VANCOUVER, BRITISH COLUMBIA -- (Marketwire) -- 12/28/12 -- Yalian Steel Corporation (TSX VENTURE: YL) announces that it has entered into a support agreement (the "Support Agreement") with 0957703 B.C. Ltd. (the "Offeror"). The Offeror is a company wholly-owned by Mr. Xin Duo Yu ("Mr. Yu"), Yalian's chairman of the board, who holds 14.74% of the issued and outstanding common shares in the capital of Yalian. Pursuant to the terms of the Support Agreement, the Offeror has agreed to offer to acquire all of the outstanding common shares of Yalian which the Offeror (and its associates and affiliates including Mr. Yu) does not already own (the "Offer"). The purchase price under the Offer is $0.40 per share (the "Offer Price").

The Offeror has also entered into a collateral shareholders' agreement (the "Collateral Agreement") concurrently with the execution of the Support Agreement with certain other shareholders (the "Supporting Shareholders") of Yalian who collectively hold approximately 72.67% of the issued and outstanding share capital of Yalian.

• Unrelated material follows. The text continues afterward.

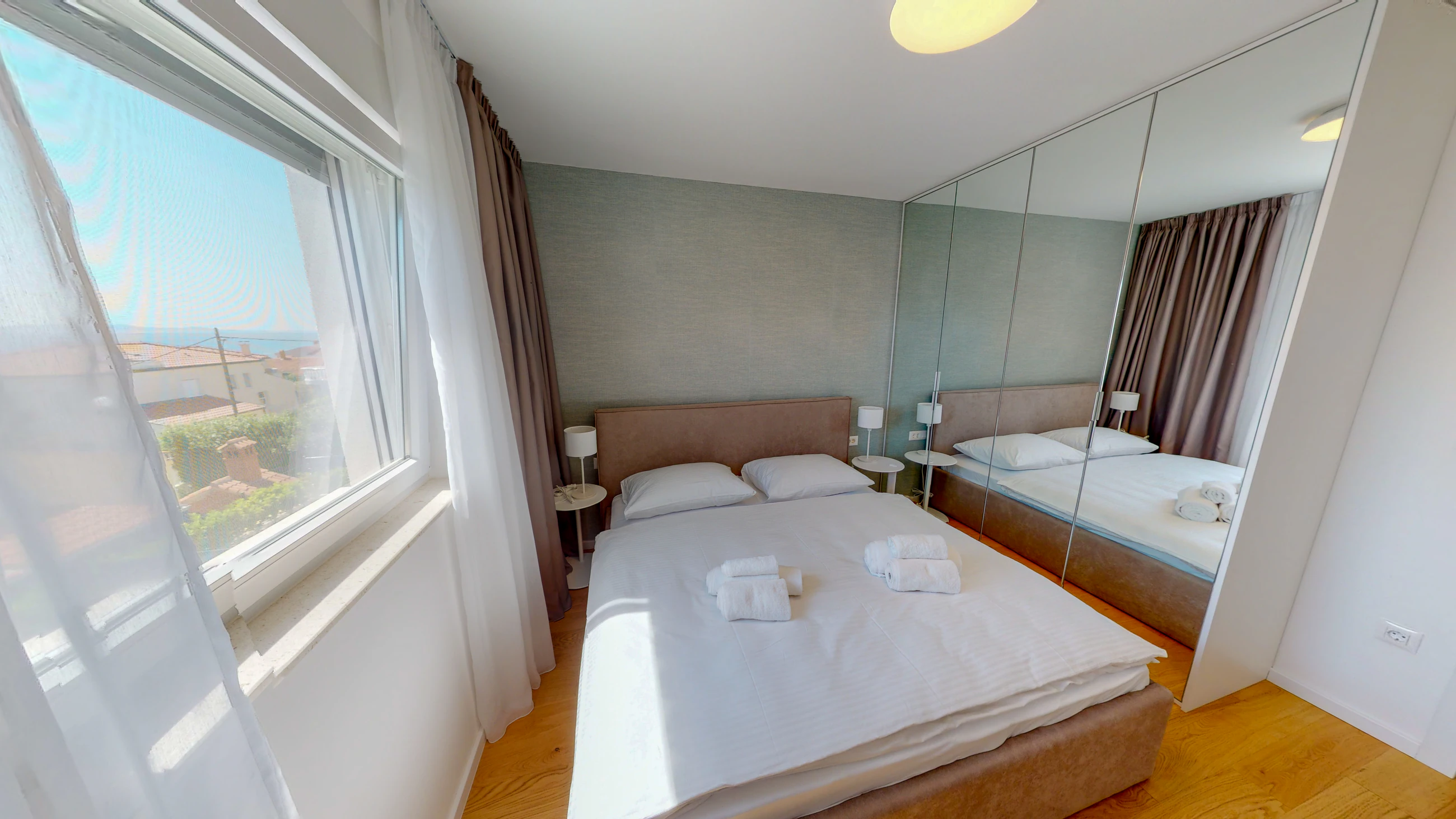Third double bedroom at Three-Bedroom Apartment with Private Pool Near the Sea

Pursuant to the terms of the Collateral Agreement, the Supporting Shareholders have: (i) agreed not to tender their shares to the Offer; (ii) agreed if required, to act jointly and in concert with the Offeror in connection with a second stage compulsory acquisition from all remaining shareholders of Yalian other than the Offeror (and its associates and affiliates including Mr. Yu) and the Supporting Shareholders; (iii) agreed and acknowledged that Yalian is facing a significant debt load with interest expense outstripping a significant portion of earnings and Yalian will likely be required to carry out one or more equity financings following the completion of the Offer and any subsequent second stage compulsory acquisition transaction; and (iv) agreed and acknowledged that if they do not participate in such equity financings they will suffer a dilution to their equity interest in Yalian and a potential loss of some or all of the value of their Yalian shares.

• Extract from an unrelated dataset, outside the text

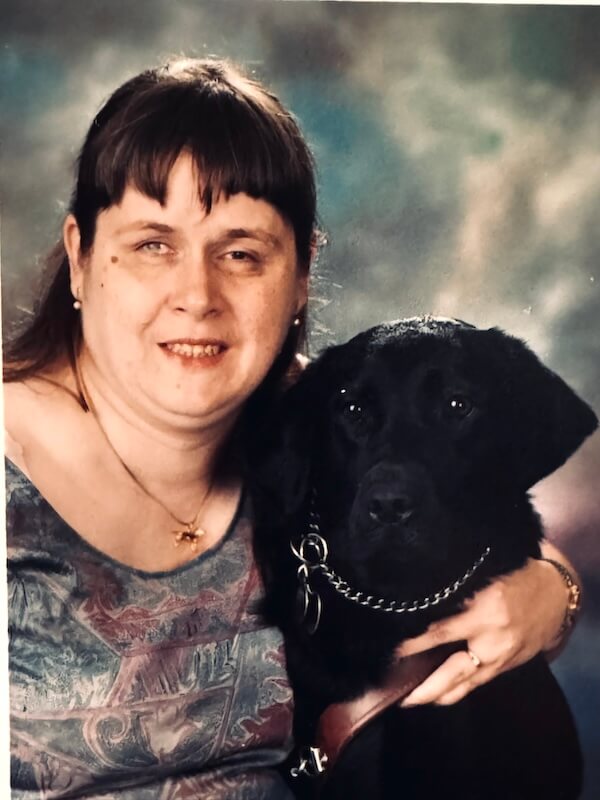 **Alt text:** “Rita with guide dog Garland, a black dog wearing a collar and harness, seated together against a studio-style background.”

Pursuant to the terms of the Collateral Agreement, the Offeror will agree not to acquire the Yalian shares of the Supporting Shareholders through the Offer and any subsequent second stage compulsory acquisition transaction, and will provide, to the extent of the Offeror's ability, the Supporting Shareholders with the right to participate in any future equity financings following the completion of the Offer and any subsequent second stage compulsory acquisition transaction, such that each Supporting Shareholder will be able to maintain their percentage equity interest in Yalian.

Pursuant to the terms of the Support Agreement, the existing options granted by Yalian pursuant to its existing stock option plan are subject to exercise prices in excess of the Offer and, accordingly, the Offeror and Yalian intend that Yalian either terminate, accept the surrender of, cancel or allow the expiry of any outstanding options prior to the date that the Offeror first takes up Yalian shares pursuant to the Offer.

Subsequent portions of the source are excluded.